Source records

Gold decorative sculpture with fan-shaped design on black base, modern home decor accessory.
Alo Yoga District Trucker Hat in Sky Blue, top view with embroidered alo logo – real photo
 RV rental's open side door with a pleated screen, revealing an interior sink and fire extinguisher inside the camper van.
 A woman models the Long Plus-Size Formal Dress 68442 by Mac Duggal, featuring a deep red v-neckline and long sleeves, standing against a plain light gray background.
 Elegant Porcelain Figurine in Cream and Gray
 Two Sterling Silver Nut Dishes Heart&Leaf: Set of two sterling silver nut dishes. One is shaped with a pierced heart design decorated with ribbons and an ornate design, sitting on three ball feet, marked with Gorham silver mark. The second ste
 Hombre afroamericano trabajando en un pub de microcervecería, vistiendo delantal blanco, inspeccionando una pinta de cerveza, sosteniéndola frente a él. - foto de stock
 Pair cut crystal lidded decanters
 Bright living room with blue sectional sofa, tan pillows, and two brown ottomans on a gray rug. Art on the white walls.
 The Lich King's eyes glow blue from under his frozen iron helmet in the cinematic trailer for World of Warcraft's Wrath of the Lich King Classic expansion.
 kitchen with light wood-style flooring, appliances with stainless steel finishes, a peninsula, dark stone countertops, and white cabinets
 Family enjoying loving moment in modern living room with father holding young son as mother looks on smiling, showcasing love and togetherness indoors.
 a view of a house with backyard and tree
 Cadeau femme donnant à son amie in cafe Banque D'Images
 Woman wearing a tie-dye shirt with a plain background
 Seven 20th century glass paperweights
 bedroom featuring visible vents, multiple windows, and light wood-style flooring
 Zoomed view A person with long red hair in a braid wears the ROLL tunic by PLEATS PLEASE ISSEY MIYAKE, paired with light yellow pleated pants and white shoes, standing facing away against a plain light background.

REQUIRED ACTION
All lines from the one with "Bright living room" onward to the end of the records above should be repeated exactly, and only those lines.

RESPONSE AREA
 Bright living room with blue sectional sofa, tan pillows, and two brown ottomans on a gray rug. Art on the white walls.
 The Lich King's eyes glow blue from under his frozen iron helmet in the cinematic trailer for World of Warcraft's Wrath of the Lich King Classic expansion.
 kitchen with light wood-style flooring, appliances with stainless steel finishes, a peninsula, dark stone countertops, and white cabinets
 Family enjoying loving moment in modern living room with father holding young son as mother looks on smiling, showcasing love and togetherness indoors.
 a view of a house with backyard and tree
 Cadeau femme donnant à son amie in cafe Banque D'Images
 Woman wearing a tie-dye shirt with a plain background
 Seven 20th century glass paperweights
 bedroom featuring visible vents, multiple windows, and light wood-style flooring
 Zoomed view A person with long red hair in a braid wears the ROLL tunic by PLEATS PLEASE ISSEY MIYAKE, paired with light yellow pleated pants and white shoes, standing facing away against a plain light background.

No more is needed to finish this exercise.